Your answer should be the lines below from the one holding "J Crew Leopard A Line Shift Dress 12" through the one holding "Wind Chill History", copied exactly and with nothing else.

(RECORDS FOR THE TASK begins)

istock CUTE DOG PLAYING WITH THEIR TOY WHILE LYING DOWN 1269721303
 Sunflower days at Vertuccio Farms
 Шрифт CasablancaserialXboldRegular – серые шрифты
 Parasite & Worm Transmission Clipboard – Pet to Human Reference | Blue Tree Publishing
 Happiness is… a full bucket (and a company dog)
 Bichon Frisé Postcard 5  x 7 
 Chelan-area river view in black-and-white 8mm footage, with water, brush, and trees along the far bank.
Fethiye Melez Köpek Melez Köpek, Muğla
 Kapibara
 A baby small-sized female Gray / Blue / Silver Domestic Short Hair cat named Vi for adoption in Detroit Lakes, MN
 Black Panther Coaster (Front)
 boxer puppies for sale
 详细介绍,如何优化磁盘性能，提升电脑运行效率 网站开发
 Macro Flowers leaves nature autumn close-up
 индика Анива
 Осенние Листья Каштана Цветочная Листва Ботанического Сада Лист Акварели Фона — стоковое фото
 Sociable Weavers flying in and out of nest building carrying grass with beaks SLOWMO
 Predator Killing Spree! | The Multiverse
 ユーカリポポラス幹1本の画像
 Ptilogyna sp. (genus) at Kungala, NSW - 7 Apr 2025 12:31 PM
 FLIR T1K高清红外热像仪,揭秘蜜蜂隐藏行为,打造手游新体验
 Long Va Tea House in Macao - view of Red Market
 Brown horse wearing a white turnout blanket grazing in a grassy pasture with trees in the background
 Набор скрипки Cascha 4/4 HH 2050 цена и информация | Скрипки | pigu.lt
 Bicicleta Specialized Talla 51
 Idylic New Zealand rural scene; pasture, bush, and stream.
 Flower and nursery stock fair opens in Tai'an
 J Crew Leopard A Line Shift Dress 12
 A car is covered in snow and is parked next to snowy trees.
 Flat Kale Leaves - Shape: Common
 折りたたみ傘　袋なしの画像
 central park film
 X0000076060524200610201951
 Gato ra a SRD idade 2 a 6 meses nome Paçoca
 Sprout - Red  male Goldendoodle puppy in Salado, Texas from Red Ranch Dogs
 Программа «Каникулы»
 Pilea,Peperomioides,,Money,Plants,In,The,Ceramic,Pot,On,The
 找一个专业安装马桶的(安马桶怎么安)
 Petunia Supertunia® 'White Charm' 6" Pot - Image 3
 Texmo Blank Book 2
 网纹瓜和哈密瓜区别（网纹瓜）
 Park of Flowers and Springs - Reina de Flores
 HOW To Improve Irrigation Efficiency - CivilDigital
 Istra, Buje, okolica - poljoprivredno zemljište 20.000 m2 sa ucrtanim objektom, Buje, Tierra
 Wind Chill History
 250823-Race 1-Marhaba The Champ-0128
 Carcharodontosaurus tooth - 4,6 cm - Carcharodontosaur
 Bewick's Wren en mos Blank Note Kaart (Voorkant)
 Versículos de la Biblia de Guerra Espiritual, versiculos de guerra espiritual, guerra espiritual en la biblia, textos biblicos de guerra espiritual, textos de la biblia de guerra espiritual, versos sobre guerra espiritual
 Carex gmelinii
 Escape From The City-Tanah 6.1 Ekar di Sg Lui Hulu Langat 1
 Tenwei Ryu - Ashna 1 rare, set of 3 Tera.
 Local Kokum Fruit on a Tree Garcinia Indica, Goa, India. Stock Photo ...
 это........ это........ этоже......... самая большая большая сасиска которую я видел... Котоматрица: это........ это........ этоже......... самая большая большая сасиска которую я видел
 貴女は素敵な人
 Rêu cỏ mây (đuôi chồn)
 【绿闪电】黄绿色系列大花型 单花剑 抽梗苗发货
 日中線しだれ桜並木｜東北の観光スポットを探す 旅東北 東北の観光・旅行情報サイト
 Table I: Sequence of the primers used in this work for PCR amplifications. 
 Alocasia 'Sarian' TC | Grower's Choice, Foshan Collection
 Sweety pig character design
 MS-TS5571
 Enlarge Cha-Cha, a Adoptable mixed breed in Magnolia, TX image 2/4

(RECORDS FOR THE TASK ends)

COMPLETED EXERCISE -
 J Crew Leopard A Line Shift Dress 12
 A car is covered in snow and is parked next to snowy trees.
 Flat Kale Leaves - Shape: Common
 折りたたみ傘　袋なしの画像
 central park film
 X0000076060524200610201951
 Gato ra a SRD idade 2 a 6 meses nome Paçoca
 Sprout - Red  male Goldendoodle puppy in Salado, Texas from Red Ranch Dogs
 Программа «Каникулы»
 Pilea,Peperomioides,,Money,Plants,In,The,Ceramic,Pot,On,The
 找一个专业安装马桶的(安马桶怎么安)
 Petunia Supertunia® 'White Charm' 6" Pot - Image 3
 Texmo Blank Book 2
 网纹瓜和哈密瓜区别（网纹瓜）
 Park of Flowers and Springs - Reina de Flores
 HOW To Improve Irrigation Efficiency - CivilDigital
 Istra, Buje, okolica - poljoprivredno zemljište 20.000 m2 sa ucrtanim objektom, Buje, Tierra
 Wind Chill History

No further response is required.